## Task requirements
Reproduce all the lines below exactly and omit the images.

## Source data
^^^^^^^^
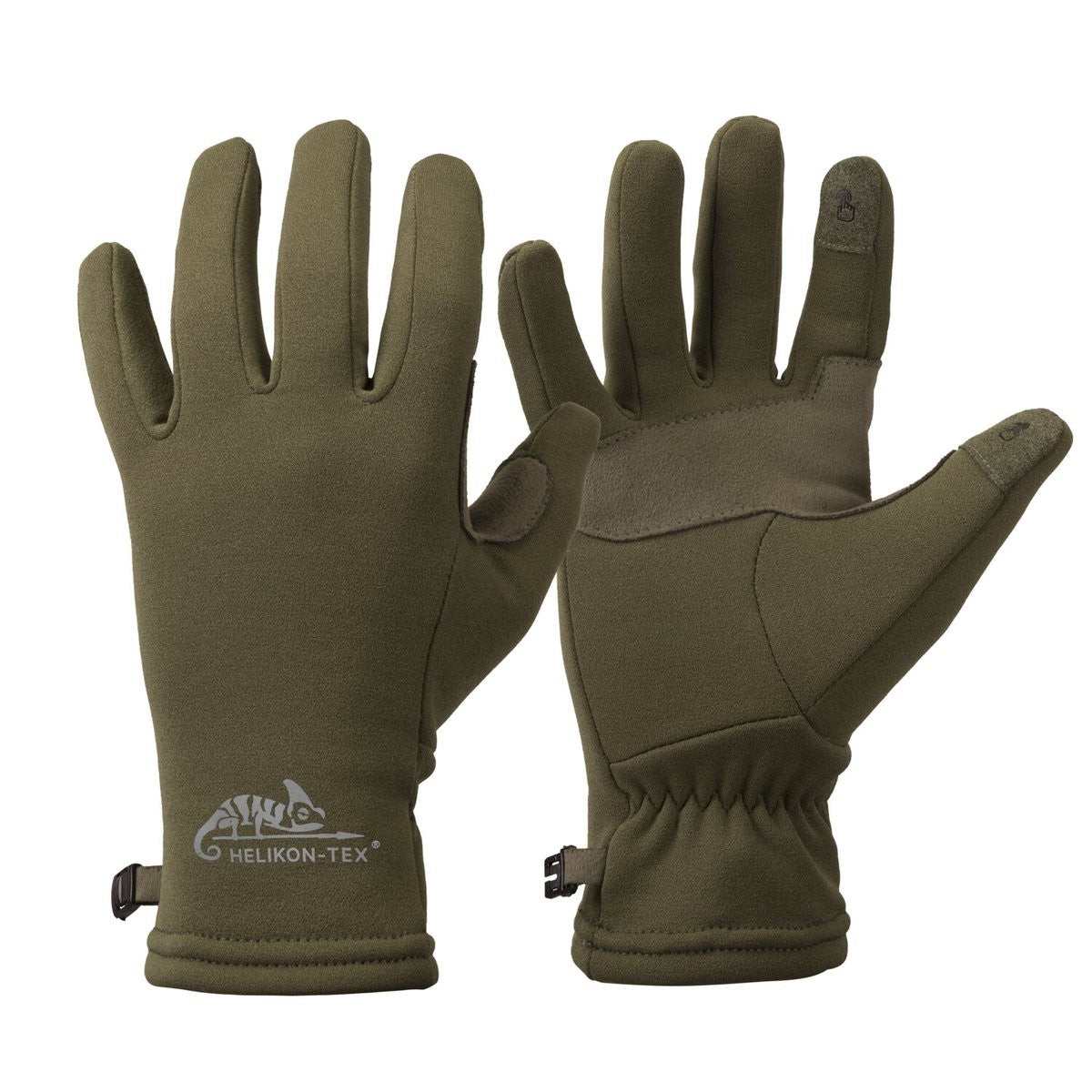 Γάντια Tracker Helikon-Tex Outback Λαδί | www.lightgear.gr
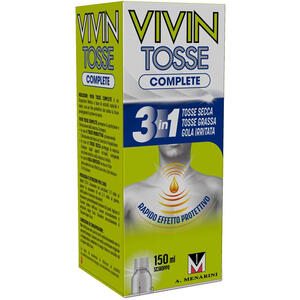 Vivin Tosse complete sciroppo per tosse 150 ml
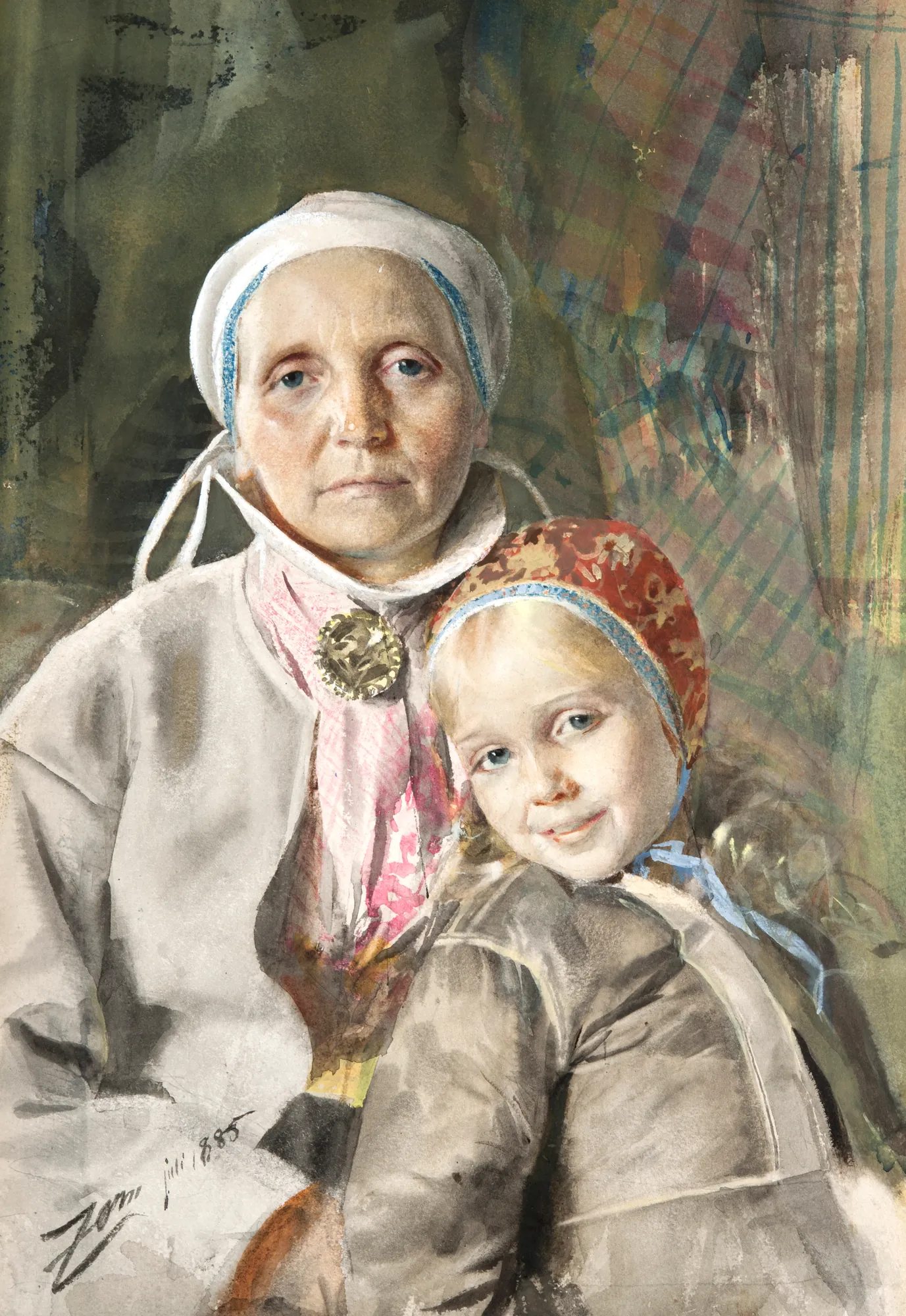 Mona and Karin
^^^^^^^^
## Output for this task
 Γάντια Tracker Helikon-Tex Outback Λαδί | www.lightgear.gr
 Vivin Tosse complete sciroppo per tosse 150 ml
 Mona and Karin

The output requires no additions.